What is required:
Copy each line of the following data that contains "show".

━━ Records supplied ━━

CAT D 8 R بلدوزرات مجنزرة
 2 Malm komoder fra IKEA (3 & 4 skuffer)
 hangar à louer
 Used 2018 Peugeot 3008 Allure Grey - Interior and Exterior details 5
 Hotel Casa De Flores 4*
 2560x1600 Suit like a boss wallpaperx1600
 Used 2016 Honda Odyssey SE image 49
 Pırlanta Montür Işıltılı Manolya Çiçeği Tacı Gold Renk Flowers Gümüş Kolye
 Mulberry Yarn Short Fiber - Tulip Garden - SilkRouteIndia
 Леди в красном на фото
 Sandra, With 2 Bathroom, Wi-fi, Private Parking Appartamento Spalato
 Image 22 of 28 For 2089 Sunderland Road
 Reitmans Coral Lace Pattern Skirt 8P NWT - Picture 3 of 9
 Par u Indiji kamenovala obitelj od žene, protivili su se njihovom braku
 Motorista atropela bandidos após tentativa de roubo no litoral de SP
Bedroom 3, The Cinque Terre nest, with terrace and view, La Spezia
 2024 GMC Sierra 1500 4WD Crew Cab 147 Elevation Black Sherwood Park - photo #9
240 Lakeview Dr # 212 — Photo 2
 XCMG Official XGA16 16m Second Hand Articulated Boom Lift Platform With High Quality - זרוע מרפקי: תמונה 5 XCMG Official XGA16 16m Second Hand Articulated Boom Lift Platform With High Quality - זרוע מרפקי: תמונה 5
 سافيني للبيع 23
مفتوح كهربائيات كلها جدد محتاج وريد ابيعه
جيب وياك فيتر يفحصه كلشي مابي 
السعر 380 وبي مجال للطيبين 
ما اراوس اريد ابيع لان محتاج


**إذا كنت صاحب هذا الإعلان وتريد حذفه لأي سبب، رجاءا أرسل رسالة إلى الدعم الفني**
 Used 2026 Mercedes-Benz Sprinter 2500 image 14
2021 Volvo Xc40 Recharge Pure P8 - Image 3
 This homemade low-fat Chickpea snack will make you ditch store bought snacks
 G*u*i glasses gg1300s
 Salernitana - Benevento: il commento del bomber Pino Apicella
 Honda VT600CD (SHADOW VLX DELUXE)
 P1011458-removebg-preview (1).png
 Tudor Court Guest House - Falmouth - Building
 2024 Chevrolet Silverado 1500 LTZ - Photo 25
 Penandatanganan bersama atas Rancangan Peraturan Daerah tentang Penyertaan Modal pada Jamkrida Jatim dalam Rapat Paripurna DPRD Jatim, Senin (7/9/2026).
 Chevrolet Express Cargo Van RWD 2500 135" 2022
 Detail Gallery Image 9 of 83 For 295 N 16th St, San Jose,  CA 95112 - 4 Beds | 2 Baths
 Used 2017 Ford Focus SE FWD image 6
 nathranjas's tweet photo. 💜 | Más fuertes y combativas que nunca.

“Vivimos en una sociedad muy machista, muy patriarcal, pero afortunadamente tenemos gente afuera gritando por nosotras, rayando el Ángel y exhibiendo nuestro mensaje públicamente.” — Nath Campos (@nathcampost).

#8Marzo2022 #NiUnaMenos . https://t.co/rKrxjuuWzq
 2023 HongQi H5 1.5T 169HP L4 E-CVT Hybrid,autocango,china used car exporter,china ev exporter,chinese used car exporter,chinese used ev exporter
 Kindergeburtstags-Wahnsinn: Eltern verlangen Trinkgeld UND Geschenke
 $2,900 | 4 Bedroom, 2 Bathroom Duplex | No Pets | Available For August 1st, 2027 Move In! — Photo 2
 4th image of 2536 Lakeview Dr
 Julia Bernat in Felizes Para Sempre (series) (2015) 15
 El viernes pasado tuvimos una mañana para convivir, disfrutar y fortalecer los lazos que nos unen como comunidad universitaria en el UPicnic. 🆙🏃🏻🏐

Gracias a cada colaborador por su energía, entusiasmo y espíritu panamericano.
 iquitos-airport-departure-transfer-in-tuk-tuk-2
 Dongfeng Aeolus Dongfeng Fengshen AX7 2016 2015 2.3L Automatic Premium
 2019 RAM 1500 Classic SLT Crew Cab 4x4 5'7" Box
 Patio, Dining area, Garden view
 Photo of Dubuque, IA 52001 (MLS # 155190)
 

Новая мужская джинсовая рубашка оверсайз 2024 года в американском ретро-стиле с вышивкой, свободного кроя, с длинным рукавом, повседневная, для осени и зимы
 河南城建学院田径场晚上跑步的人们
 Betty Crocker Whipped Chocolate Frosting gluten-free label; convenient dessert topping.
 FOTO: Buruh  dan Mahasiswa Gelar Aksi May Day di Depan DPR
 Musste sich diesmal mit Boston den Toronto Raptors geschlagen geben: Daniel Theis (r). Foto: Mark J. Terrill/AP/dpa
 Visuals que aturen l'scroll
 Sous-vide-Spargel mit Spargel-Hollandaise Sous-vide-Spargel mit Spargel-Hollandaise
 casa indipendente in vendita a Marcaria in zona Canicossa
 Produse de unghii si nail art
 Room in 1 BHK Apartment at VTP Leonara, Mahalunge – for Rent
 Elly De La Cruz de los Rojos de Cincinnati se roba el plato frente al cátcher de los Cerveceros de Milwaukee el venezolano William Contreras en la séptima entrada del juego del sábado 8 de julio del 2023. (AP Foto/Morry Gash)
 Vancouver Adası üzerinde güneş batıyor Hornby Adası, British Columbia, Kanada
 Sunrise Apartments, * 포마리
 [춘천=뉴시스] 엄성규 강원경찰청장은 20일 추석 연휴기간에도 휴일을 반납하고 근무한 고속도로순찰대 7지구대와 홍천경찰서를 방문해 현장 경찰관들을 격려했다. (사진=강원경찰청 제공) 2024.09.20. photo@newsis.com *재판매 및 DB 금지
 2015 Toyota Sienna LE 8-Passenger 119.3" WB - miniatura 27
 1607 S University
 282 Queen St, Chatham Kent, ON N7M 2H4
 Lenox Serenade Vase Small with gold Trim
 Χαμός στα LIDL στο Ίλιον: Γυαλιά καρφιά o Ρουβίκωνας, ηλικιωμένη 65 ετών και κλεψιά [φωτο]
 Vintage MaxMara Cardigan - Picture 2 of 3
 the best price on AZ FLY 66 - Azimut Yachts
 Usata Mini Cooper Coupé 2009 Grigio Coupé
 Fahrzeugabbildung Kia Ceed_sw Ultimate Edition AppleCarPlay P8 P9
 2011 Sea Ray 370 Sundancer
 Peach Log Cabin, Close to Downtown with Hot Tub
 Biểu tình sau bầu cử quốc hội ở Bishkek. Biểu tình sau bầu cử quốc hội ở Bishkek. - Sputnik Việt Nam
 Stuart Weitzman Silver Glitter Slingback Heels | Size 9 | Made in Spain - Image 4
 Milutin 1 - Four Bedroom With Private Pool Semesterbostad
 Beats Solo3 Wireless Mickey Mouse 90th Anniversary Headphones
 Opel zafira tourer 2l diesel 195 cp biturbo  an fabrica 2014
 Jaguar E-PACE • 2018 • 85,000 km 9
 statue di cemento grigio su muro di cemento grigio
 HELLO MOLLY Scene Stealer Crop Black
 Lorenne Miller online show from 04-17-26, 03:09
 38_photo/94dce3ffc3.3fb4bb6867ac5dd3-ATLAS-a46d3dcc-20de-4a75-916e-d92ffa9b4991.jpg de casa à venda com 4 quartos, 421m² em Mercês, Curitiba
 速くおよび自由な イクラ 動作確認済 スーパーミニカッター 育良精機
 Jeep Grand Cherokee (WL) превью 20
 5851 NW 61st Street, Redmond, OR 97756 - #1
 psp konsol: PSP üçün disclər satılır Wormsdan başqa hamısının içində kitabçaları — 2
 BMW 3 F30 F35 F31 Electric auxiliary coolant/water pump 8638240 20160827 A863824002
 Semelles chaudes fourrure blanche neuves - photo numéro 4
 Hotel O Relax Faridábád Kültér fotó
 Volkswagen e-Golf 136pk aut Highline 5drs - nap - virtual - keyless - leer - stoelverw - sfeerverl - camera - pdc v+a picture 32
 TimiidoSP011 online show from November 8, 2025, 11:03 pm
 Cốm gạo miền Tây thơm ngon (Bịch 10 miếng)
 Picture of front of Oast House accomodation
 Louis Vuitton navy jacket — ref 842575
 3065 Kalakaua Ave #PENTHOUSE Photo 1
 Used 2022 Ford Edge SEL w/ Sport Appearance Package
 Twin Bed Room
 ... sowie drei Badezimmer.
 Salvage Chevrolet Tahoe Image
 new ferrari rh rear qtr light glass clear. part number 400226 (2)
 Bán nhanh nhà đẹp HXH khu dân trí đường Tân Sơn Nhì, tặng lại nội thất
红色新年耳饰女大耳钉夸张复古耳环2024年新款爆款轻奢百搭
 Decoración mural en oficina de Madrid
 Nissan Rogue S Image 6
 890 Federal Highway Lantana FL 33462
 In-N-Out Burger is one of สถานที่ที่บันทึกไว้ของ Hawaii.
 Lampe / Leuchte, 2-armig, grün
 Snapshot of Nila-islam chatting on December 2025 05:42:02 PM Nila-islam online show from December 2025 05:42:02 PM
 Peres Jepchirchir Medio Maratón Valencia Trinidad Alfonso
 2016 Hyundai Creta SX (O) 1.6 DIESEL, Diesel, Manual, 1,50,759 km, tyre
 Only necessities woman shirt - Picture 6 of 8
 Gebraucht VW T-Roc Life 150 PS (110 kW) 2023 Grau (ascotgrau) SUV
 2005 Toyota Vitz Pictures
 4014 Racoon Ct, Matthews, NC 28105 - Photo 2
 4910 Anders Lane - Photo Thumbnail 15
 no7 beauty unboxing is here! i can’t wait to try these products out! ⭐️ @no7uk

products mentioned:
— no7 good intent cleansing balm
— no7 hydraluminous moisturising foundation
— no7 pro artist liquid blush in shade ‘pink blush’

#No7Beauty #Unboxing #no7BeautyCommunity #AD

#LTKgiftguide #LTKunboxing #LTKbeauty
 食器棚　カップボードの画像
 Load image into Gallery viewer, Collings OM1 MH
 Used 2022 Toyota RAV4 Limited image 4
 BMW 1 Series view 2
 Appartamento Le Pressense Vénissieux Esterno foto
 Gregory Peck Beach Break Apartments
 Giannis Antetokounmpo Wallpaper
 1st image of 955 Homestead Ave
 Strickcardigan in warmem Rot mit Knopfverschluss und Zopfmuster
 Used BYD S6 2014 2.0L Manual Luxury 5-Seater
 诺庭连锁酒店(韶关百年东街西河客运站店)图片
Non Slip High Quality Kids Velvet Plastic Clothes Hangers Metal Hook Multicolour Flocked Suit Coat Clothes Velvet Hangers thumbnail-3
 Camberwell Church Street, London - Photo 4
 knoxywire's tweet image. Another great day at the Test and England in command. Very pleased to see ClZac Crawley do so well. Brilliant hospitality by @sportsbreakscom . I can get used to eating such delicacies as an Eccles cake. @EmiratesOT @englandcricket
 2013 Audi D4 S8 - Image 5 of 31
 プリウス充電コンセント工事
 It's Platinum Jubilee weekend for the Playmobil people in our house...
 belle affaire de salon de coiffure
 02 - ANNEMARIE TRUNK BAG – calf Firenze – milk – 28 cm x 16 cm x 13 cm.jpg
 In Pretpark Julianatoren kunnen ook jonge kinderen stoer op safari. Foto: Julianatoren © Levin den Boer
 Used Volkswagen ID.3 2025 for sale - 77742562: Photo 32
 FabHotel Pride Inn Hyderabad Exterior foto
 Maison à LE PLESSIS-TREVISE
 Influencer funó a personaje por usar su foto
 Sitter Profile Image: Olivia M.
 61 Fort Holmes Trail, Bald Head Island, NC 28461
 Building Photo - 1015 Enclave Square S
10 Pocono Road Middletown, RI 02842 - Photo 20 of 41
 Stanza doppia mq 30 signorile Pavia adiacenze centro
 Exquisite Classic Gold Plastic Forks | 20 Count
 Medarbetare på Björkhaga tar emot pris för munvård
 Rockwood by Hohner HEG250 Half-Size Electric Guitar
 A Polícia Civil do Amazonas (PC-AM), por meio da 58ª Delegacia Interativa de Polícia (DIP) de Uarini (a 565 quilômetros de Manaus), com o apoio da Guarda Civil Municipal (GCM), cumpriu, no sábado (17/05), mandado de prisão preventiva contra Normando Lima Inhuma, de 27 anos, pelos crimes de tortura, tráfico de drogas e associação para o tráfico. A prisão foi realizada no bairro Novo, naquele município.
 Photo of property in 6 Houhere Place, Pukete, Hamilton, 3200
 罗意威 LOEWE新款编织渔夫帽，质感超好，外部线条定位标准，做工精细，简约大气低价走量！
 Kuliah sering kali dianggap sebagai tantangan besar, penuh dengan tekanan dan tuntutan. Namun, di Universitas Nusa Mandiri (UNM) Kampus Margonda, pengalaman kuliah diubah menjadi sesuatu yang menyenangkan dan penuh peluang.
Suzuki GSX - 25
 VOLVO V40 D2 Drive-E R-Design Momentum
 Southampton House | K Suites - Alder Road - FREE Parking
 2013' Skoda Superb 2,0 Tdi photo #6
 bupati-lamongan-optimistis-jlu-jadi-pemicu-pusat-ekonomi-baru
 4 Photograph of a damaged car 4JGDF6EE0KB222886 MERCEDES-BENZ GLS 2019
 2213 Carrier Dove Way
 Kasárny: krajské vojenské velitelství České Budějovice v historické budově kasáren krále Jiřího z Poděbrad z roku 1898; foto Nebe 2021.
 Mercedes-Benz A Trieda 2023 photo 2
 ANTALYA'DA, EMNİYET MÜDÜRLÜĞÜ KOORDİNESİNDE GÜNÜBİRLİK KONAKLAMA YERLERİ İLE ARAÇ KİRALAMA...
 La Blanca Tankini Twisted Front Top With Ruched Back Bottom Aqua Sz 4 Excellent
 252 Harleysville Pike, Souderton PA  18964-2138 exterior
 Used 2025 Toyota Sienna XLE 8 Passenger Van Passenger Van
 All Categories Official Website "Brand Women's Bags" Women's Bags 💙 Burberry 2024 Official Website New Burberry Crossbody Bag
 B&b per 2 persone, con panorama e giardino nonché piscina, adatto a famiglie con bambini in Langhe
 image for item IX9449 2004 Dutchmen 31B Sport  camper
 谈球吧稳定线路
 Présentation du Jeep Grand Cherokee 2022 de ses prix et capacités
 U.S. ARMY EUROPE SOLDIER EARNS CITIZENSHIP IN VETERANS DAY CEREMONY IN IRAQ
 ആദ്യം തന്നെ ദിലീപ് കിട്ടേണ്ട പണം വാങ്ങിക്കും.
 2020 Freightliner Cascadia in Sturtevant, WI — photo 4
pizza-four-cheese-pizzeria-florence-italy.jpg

━━━

Result below:
 Lorenne Miller online show from 04-17-26, 03:09
 TimiidoSP011 online show from November 8, 2025, 11:03 pm
 Snapshot of Nila-islam chatting on December 2025 05:42:02 PM Nila-islam online show from December 2025 05:42:02 PM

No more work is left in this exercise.